Unidentified Analyst: All right. Great. Thanks.

Operator: We have a question from Stephanie Moore of Jefferies. Please go ahead.

Unidentified Analyst: Hello. This is Harold on for Stephanie Moore. So I guess on the progress to investment-grade rating post the US transaction, you get down to three time pro forma leverage. So I guess, what else needs to be done as you guys move to that aggression grade rating up after you collect the capital from the divestiture?

Patrick Dovigi: Yes, not in our control, obviously, when we move that, obviously, the expectation is we’re going to get significant upgrades in time when ultimately we get to — to investment grading investment-grade credit rating is really up to Moody’s and S&P. Typically, they like see the numbers roll through over sort of a 12-month period. So — but in the meantime, we’ll get material credit rating upgrade. So a little bit unknown, but obviously, squarely in our site now posted debt repayment next week.

Unidentified Analyst: Got it. And I guess, just on the guide, what are you seeing on open book price and versus restricted book? And then volumes and other expected to be flattish. But if you could talk about intentional shedding versus expectations on specialty waste industrial? Are you expecting an improvement there? Are you expecting erasing the volumes to remain content at 2024 levels? Thank you.

Luke Pelosi: Yes, Harold, Luke speaking. So on the pricing side, we really — you’re definitely seeing collection, which is really your open market commercial collection business is stepping down from the levels you realized in 2023 and 2024 as can be expected in response to that sort of cost inflation stepping down. So you’re still at a sort of 6%-plus number on your blended collection, which is higher in your commercial industrial book and a little bit lower in our residential, our residential tenants to be at CPI-linked what we call restricted. And then the part that gets us sort of excited is the continued sort of new floor level of close to mid-single digit from post-collection, right? Because historically, the post-collection piece has been the one that sort of dragged down your blended pricing.

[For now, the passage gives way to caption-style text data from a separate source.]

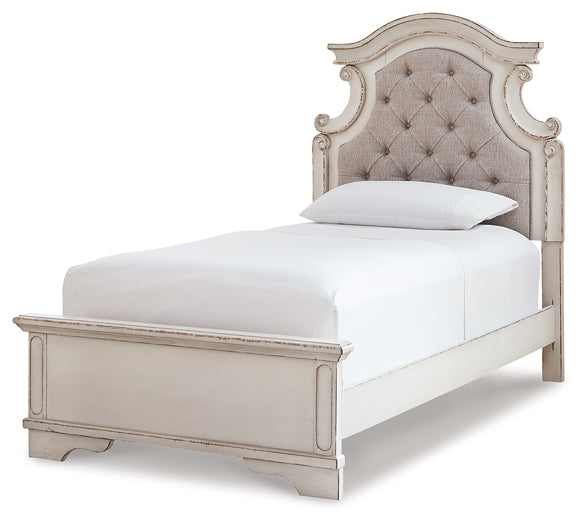 Realyn Twin Panel Bed with Mirrored Dresser - Premier Furniture & Mattress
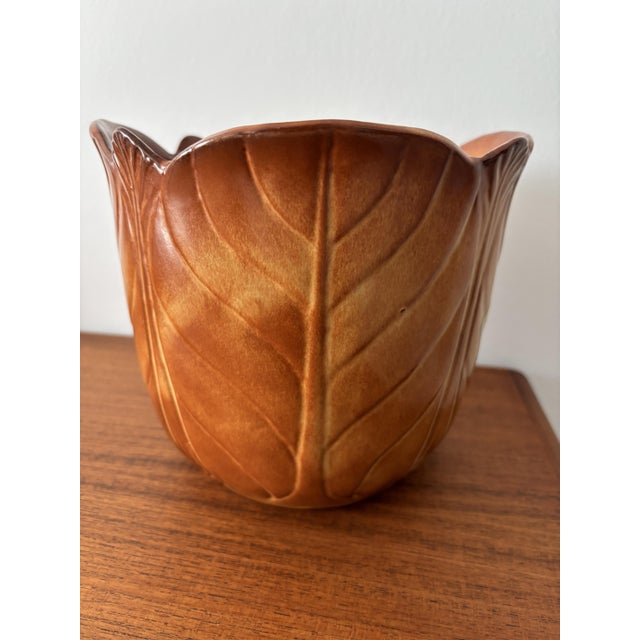 1970s Vintage Handmade Ceramic Flower and Leaf-Shaped Planter, France, 1970s For Sale - Image 5 of 8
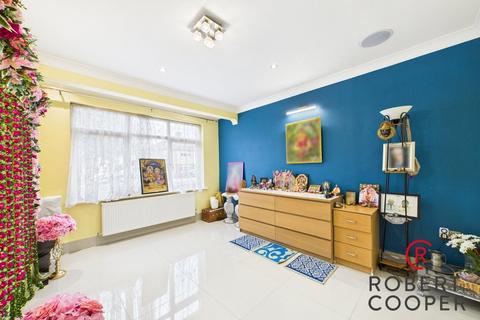 undefined, Woodlands Avenue, Ruislip, HA4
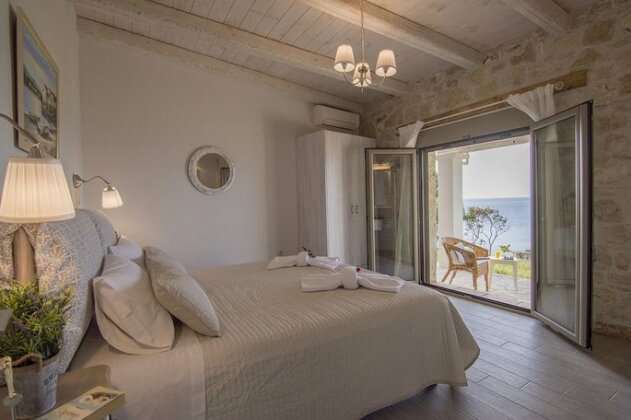 Paxos Sunrise Villas - Photo4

And I think you hear this comforted narrative from the industry that we can’t give away or sort of post-collection assets and capacity at below our sort of cost and servicing those lines of business. So continue to see strength in both the collection and the post-selection line, albeit step down from 2024 and 2023 and doing so in conjunction with the step-down in cost inflation. In terms of the volume, I’d say intentional shedding activities are largely behind us. There’s always some, but relatively de minimis where we sit today, what’s baked in the 2025 guide. As you ramp up back M&A, you obviously give rise to incremental volumes that don’t meet your sort of thresholds and so that could give rise to some incremental. But the guide today is really, I think you articulated really around the Special Waste, right?

Whether it’s hurricane cleanup or just general sort of Special Waste that puts or takes a little bit of uncertainty with how the market is in 2025 has brought some caution to that, to the extent there is incremental volumes, that will all be sort of upside. When you think about the margin walk, there is about a sort of 50 basis point drag, as a result of our assumptions around Special Waste. So there could be even more incremental upside, to what we had previously said, if that does play out as it did in the past.

Unidentified Analyst: Thank you.

Operator: We currently have no further questions. So I will hand back to Patrick, for closing remarks.

Patrick Dovigi: Thank you, everyone, and much appreciated for joining the call. And look forward to seeing everyone on Thursday, at our Investor Day. And as always, if any questions, please feel to reach out. And we’re looking forward to speaking to everyone after Q1 and another successful quarter. Thank you so much.

Operator: This concludes today’s call. Thank you for joining. You may now disconnect your lines.